Supreme Court ducks child protection, again | Rollie Thompson
Wednesday, April 01, 2020 @ 1:06 PM | By Rollie Thompson
I know, the Supreme Court doesn’t give reasons for its leave decisions. But why “no” to leave here? Dakota Ojibway seemed to check the boxes.
A child protection case involving permanent guardianship, the most serious civil remedy we know. Public importance, check. A difference of opinion between two appeal courts, as the Manitoba Court of Appeal explicitly rejected the Ontario decision in Kawartha-Haliburton Children’s Aid Society v. M.W. 2019 ONCA 316. Differing appeal courts, national significance, check. A Charter case, check. An interpretation, or misinterpretation, of the Supreme Court’s own leading decision on summary judgment, Hryniak v. Mauldin 2014 SCC 7, check.
A week earlier, a three-judge panel had refused leave in a companion Manitoba case: L.A.N. v. Child and Family Services of Western Manitoba  S.C.C.A. No. 449 (Justices Rosalie Silberman Abella, Andromache Karakatsanis and Russell Brown), refusing leave from Child and Family Services of Western Manitoba v. L.A.N. 2019 MBCA 92.
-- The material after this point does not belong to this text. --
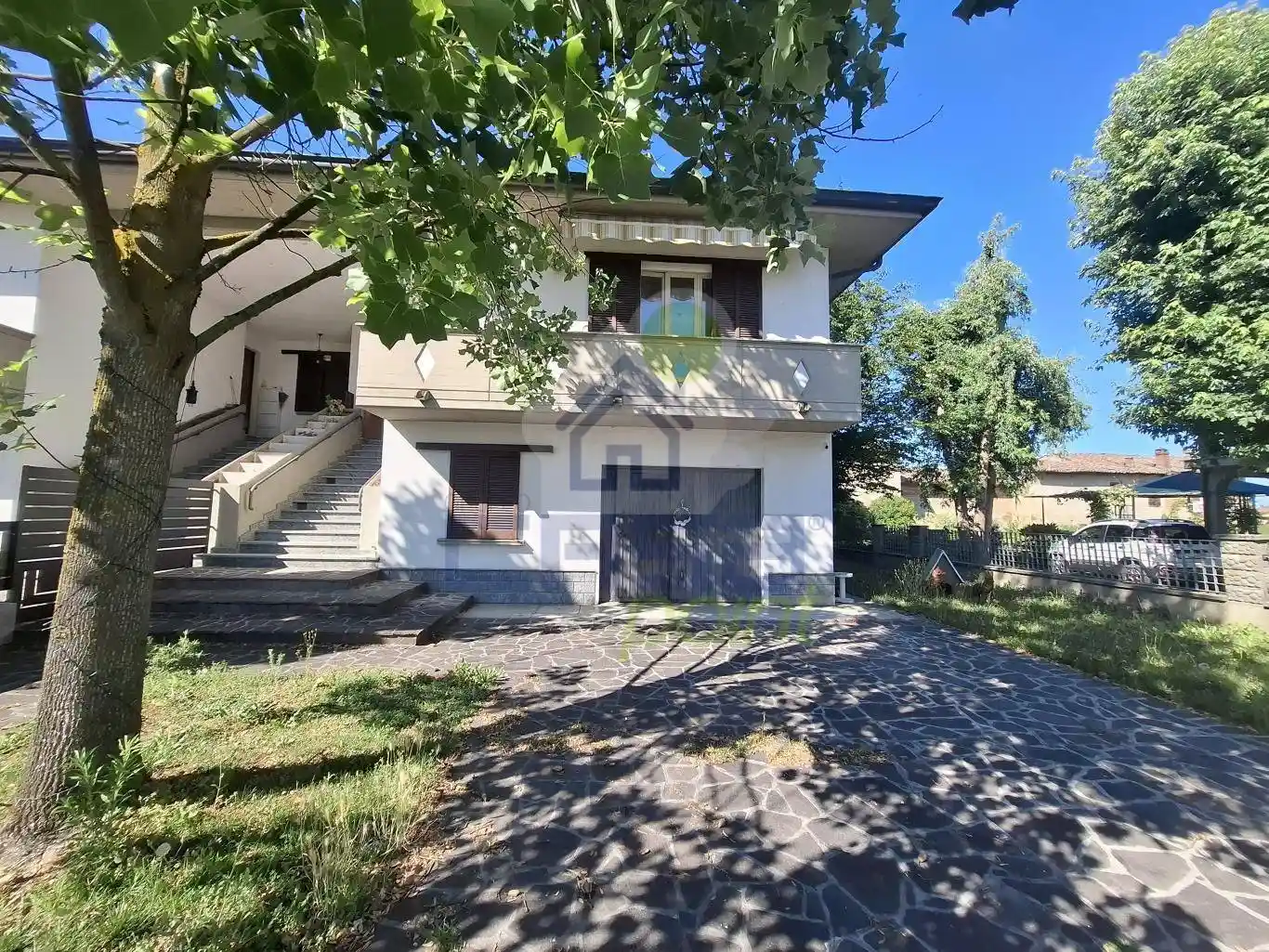 Villa in vendita a Monticelli d'Ongina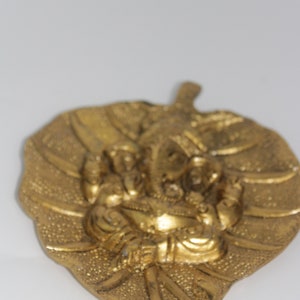 Leaf Ganesha return gift, Ganesha wall decor, housewarming gift, Diwali Navratri decorations, Indian wedding, Pooja Puja favor, entrance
We know that we are not to interpret leave decisions as “approving” the decision or reasoning of the court below. That’s more compelling when a case is confined to its particular facts. But that’s not what the Manitoba Court of Appeal did in its wide-ranging decision, a policy decision not at all confined to its facts.
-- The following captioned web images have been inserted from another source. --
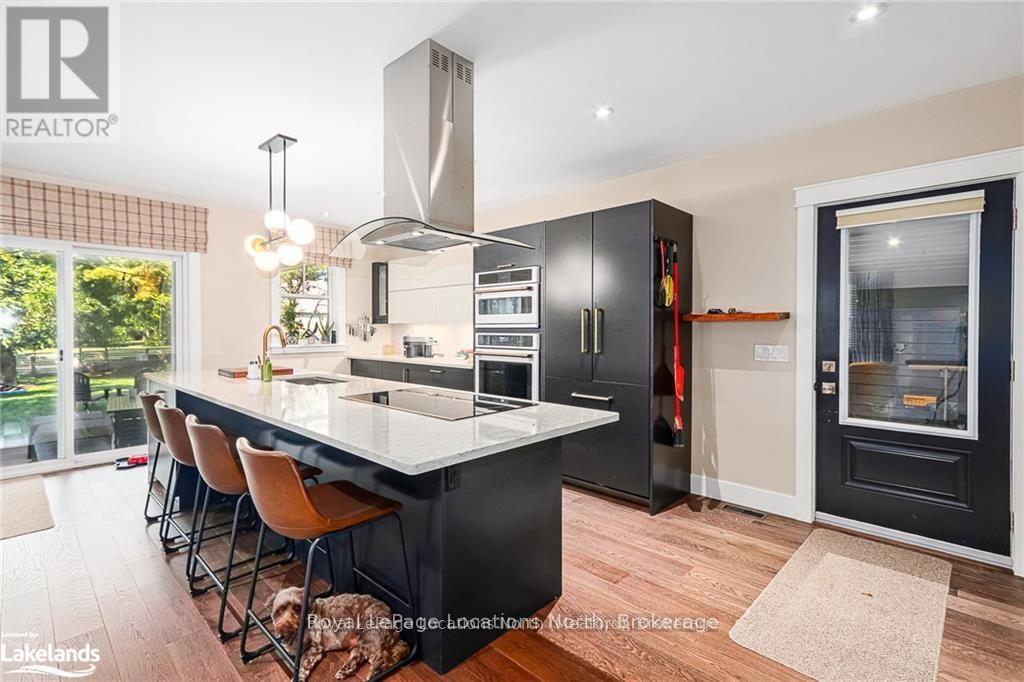 56 Bruce Street S, Blue Mountains, Ontario  N0H 2P0 - Photo 7 - X12463832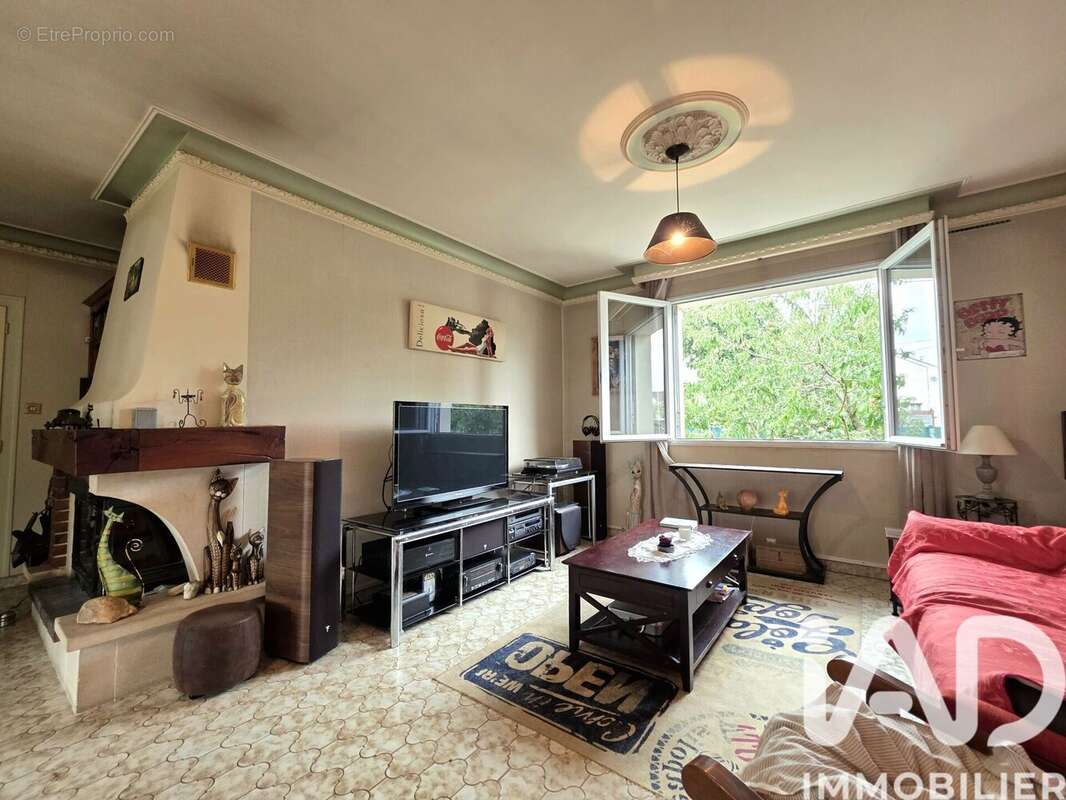 Photo 2 - Maison à LE TALLUD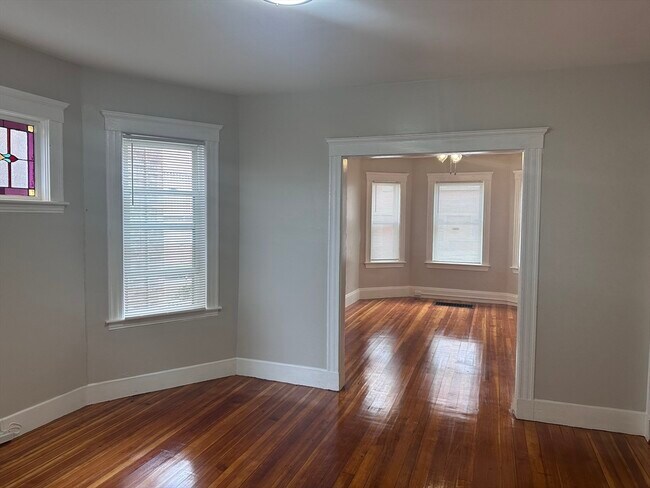 Building Photo - 73 Cushing Ave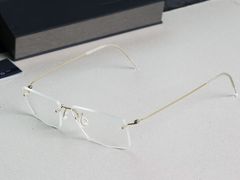 -目艮眼镜SHOWROOM(品牌集合店)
In Dakota Ojibway at the Court of Appeal, the summary judgment procedure was held not to infringe s. 7 of the Charter in two ways. First, Justice William Burnett compared the summary judgment process to the hearing process under the Child and Family Services Act and saw “no substantive difference.” The court repeatedly emphasized the discretionary tools available for a summary judgment judge to respond to the mother’s arguments.
Second, Justice Burnett stripped down the s. 7 content of “fair procedure” for protection cases. Tellingly, the Manitoba court emphatically rejected the Ontario approach in Kawartha-Haliburton. No to Ontario’s “cautious approach” to granting summary judgment in child protection cases.
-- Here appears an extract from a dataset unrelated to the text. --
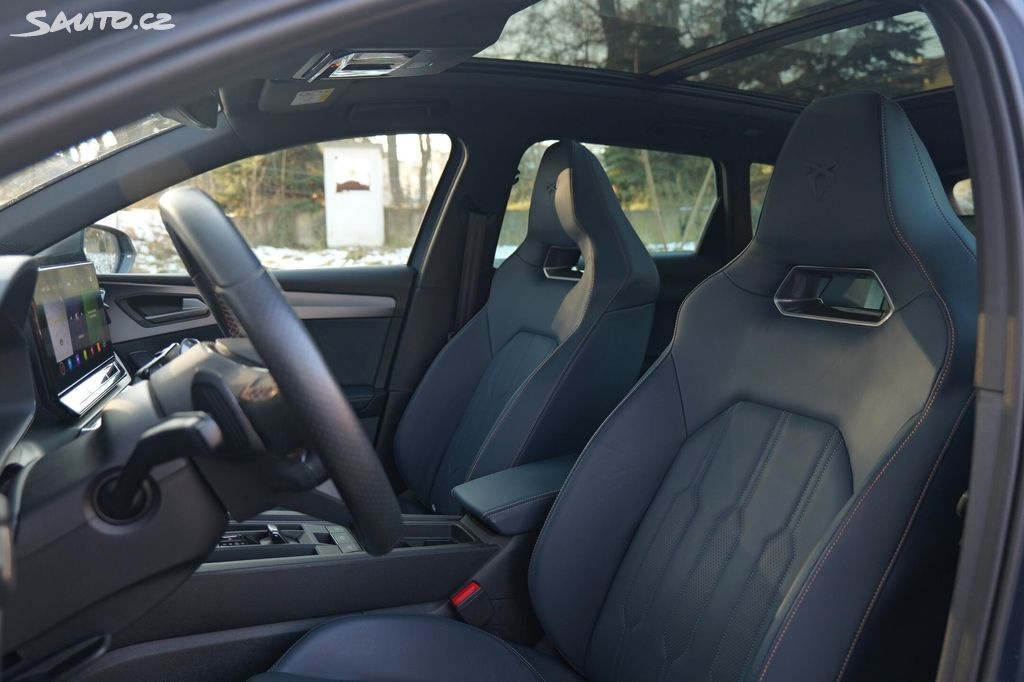 Cupra Leon, 228 kW 4Drive Pano Kůže DCC - 10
No special concern for the “Charter rights for a vulnerable segment of our society,” as described by Justice Mary Lou Benotto in the Ontario Court of Appeal. No need in Manitoba for “trial-worthy evidence” on summary judgment in protection cases. No need for child protection as “a special category of case” within summary judgment law, unlike the Ontario view.
Again, I know, nothing is to be taken about “correctness” from the denial of leave. But what does this denial mean for courts facing these issues in other provinces? Two entirely different approaches, Ontario versus Manitoba, two policy decisions. Supreme Court permits the Manitoba approach. What you permit, you promote, goes the old saying.
It has been 20 years or more since the Supreme Court addressed Charter issues in child protection: New Brunswick (Minister of Health & Community Services) v. J.G.  3 S.C.R. 46 (the right to state-funded counsel for parents) and Winnipeg Child & Family Services (Central Area) v. K.L.W.  2 S.C.R. 519 (apprehension without warrant in non-emergency cases).
Since 2000, the Supreme Court has not granted leave in a single conventional child protection case, despite more than 30 applications for leave, 10 of them in the past five years. Dakota Ojibway involved an Indigenous mother and child, a birth date apprehension, permanent guardianship, at a summary judgment hearing eight months later.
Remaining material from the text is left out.